# Sherwood RX4105 Stereo Receiver



## dave59330 (Mar 6, 2011)

My receiver is playing very very faintly. out of the back, I don't think there's enough power to blow a cheap set of ear buds, but I can hear it. I can only hear it faintly when I have the volume all the way up.

Is this an easy fix? and where would I start looking?


----------



## yustr (Sep 27, 2004)

Make sure that you speakers have good connections - no frayed wires etc.
Then switch the wires at the receiver so those speakers are playing out of the front jacks - do they play at the correct volume? If so, its not the speaker or the wire.

Hook them back up to the rear jacks.

Does your Sherwood have a test signal to adjust speaker volume? Most do. Use it to adjust the speakers.

Make sure you set the menu correctly for big (full range) or small (limited bass) speakers.

There may not be anything wrong with any of it. There's not much information coming out of the rears in most surround mixes. Try some of the matrix settings on the receiver (hall, stadium, club etc) and see if those produce something out of the rears. If not, those amps could be blown but that's a rarity.


----------



## dave59330 (Mar 6, 2011)

out of the back, I have an A B channels and left right. basically 8 connectors, the antenna connectors and 12 rca connectors. I like this because it's a KISS amp (keep it simple stupid)

I hooked up a generic little 3" speaker, freshly stripped and soldered ends, up to it to test with and I got the same result.

Is there a way to set this amp back to default, not that I think I changed anything.

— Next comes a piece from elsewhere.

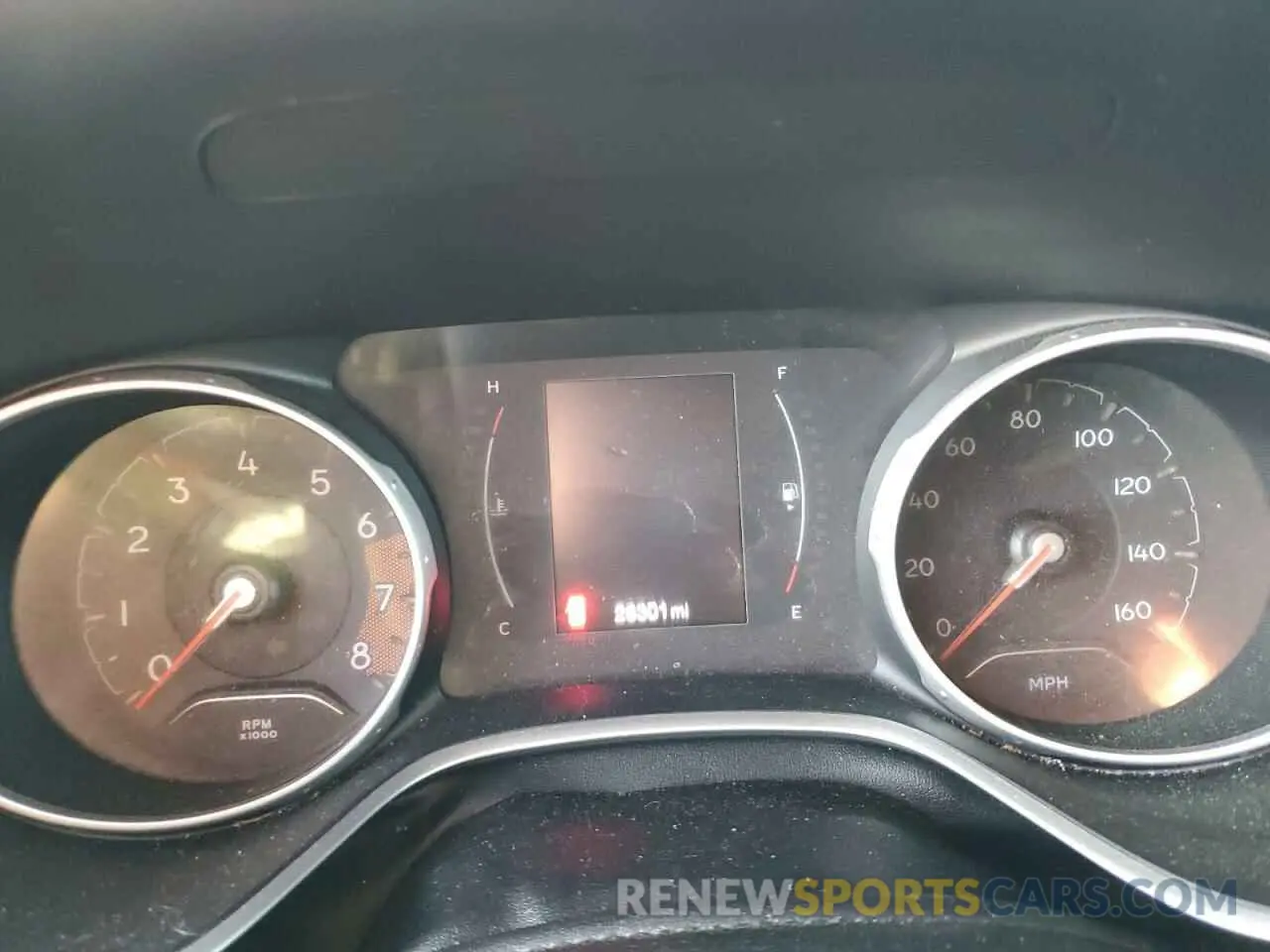 9 Photograph of a damaged car 3C4NJCAB1KT850956 JEEP COMPASS 2019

As far as a test signal, I've never seen anything regarding a test signal on this receiver.

Let me know,
Dave







yustr said:


> Make sure that you speakers have good connections - no frayed wires etc.
> Then switch the wires at the receiver so those speakers are playing out of the front jacks - do they play at the correct volume? If so, its not the speaker or the wire.
> 
> Hook them back up to the rear jacks.
> ...


----------



## yustr (Sep 27, 2004)

My mistake - I thought you were having issues with the rear surround speakers in a surround sound system.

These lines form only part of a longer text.